Frankfurt am Main (Weltexpresso) – Noch nicht mal richtig geschmeckt hat es der Siebenerrunde am gemütlichen Eßtisch bei Eva und Rocco Koch, zu denen die kapriziöse Eva und der allesverstehende und allesverzeihende Hausherr eingeladen hatten, der selber kochte! Was ihnen dann aber den Garaus machte, das war nicht das Essen, sondern die Emails- bzw. Telefonanrufe auf ihren mobilen Telefonen, die sie zu einem mysteriösen Spiel alle auf die Mitte des Eßtischs gelegt hatten.

Das ist ein Telefonspiel, das die Gastgeberin vorgeschlagen hatte, der diesem Abend, wo die vier Schulfreunde sich mit ihren Lieben wieder einmal versammelten, den Kick geben sollte. Mehr nicht. Aber zur Bombe wurde. Bis das Alltagsdrama so richtig los geht, wissen wir schon eine Menge. Allein wie zwei zur Tür hereinkommen, was sie sagen, wie sie sich verhalten, was sie anhaben, was sie mitbringen, in all dem wird hier im Film dem Zuschauer schon derart viel an Information serviert, weil sie alle, die da kommen, eine und einer von uns sind. Man fühlt sich in dieser Runde von gut situierten, also wohlhabenden und gebildeten Menschen wohl. Wir kennen solche Floskeln, solche lieb gemeinten, solche bös gemeinten Begrüßungsrituale, so daß die Menschen, denen wir im Film begegnen, doch mehr Typen sind, spezifische Typen, die wir auch alle kennen, die aber im Film natürlich richtige Menschen sein müssen, mit Namen und Aussehen und ihren Geschichten.

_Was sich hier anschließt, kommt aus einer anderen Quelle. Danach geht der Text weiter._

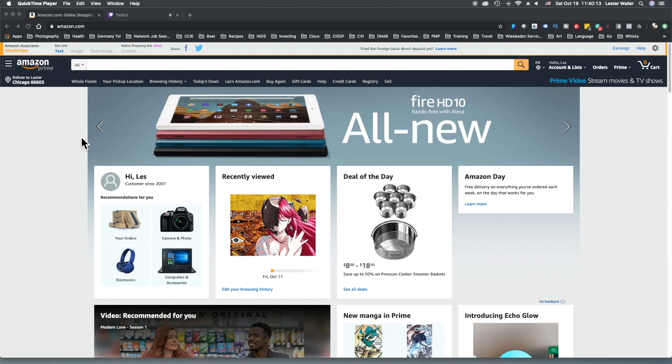Good afternoon ladies and gentlemen. We're here to discuss how to link and delink your Twitch Prime with your Amazon Prime.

Also, die Sieben, die da zum Abendessen zusammenkommen, sind neben dem Gastgeber: dem Ehepaar Rocco und Eva Koch, gespielt von Wotan Wilke Möhring und Jessica Schwarz, das Ehepaar Leo und Carlotta Keschwari, gegeben von Elyas M’Barek und Karoline Herfurth sowie Simon und Bianca, dargestellt durch Frederick Lau und Jella Haase , und Pepe, der allein gekommen ist, aber endlich endlich auch eine Freundin hat, auf die die anderen neugierig sind, die aber heute Abend krank ist.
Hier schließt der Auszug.